James was drawn to cricket at an early age. It was, he describes, one half of a double inheritance. There was, on both sides of the family, the Puritan bequest, which translated into a generosity of spirit embodied by his aunt Judith: “whenever I went to see her, [she] fed me with that sumptuousness which the Trinidad Negroes have inherited from the old extravagant plantation owners”. The spirit of cricket was only an extension of this habit of mind. And it was a stroke of luck that his home gave on to a cricket pitch, his “window exactly behind the wicket”. Tunapuna, his hometown of 3,000 a stone’s throw from Port of Spain, was a cricket-crazy place.
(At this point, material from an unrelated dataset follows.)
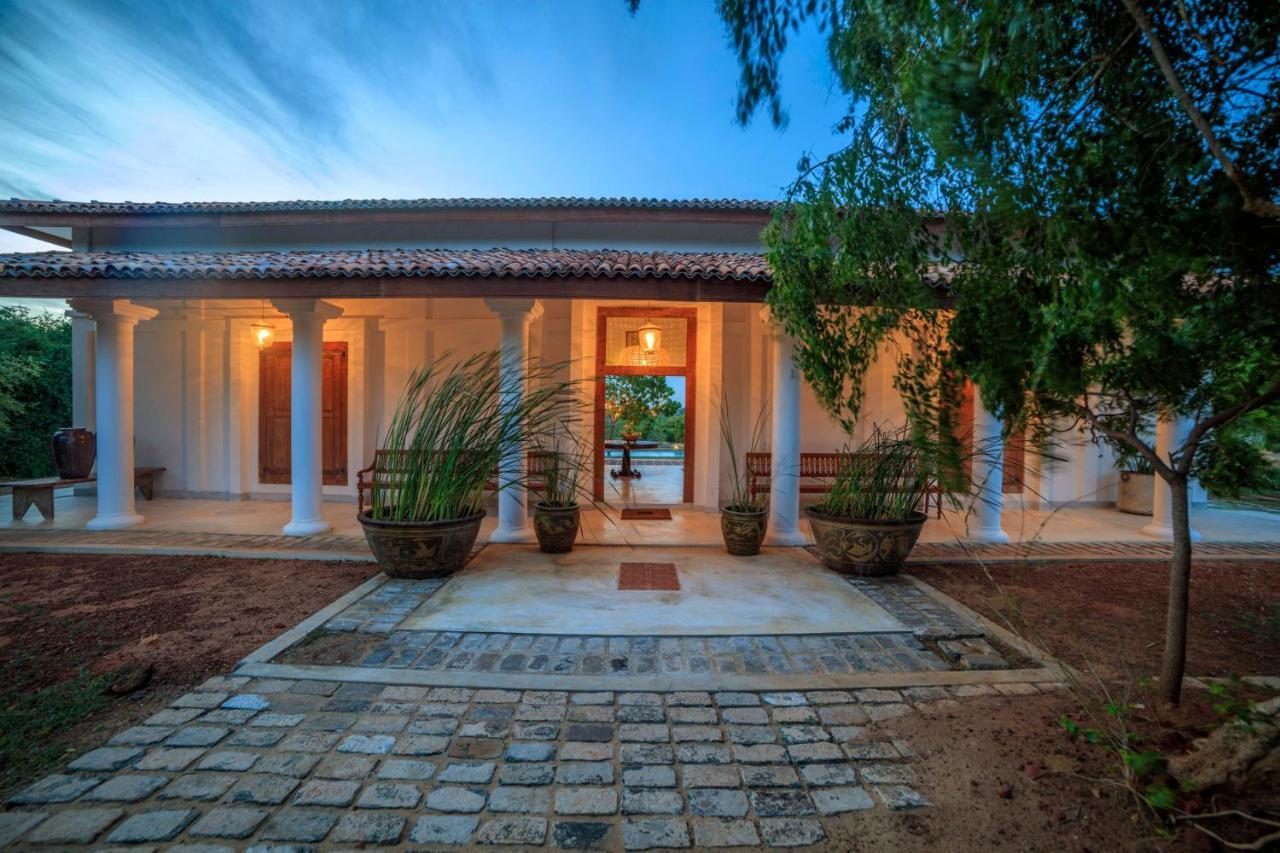 Bed and Breakfast Treasure Rock Kirinda  Esterno foto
All in all, “a good case could be made for predestination”, he slyly writes.
But the sport was also an engine for rising above hoi-polloi. It’s no secret, of course, that cricket has always been a game of certain pretensions. We immediately understand, for instance, the significance of Paul Pennyfeather’s social handicaps in Decline and Fall when he declaims, “I don’t know a word of German, I’ve had no experience, I’ve got no testimonials, and I can’t play cricket.” For James, the game furnished a certain respectability — and “respectability was not an ideal; it was an armour”. The older Jameses craved it just as the young C.L.R. did. His father saw to it that the young C.L.R. acquired the cultural capital needed to secure a spot at Queen’s Royal College, Trinidad’s Eton. There, he studied Latin and Greek under Oxbridge types, who, more importantly, “taught a code, the English public-school code”. If all of this sounds Bridesheady, it’s because it is. He took a de haut en bas view of his fellow natives, whom he disdained because they were less au fait with Burke than he was. “Intellectually I lived abroad, chiefly in England.” Vanity Fair came as a revelation: “George Osborne was the hero.” One can see the appeal of snobbery. Later in life, he would credit “Thackeray, not Marx”, for his turn to the Left.
A career path had been cut out for him: Oxford (read: prestige), lawyering (read: prosperity), political office (read: power). But the rebel had other plans. The lure of cricket wasn’t feasibly resisted. Though he would later be embarrassed by his choice, he plumped to play for Maple, the club for light-skinned West Indians. Shamrock and Queen’s Park Oval were “almost exclusively white… I would have been more easily elected to the MCC than to either.” Stingo was “plebeians: the butcher, the tailor, the candlestick maker, the casual labourer, with a sprinkling of unemployed. Totally black and no social status whatsoever.” Shannon belonged to the “black lower-middle class: the teacher, the law clerk, the worker in the printing office”. Maple, by contrast, was distinctly “brown-skinned and middle class”.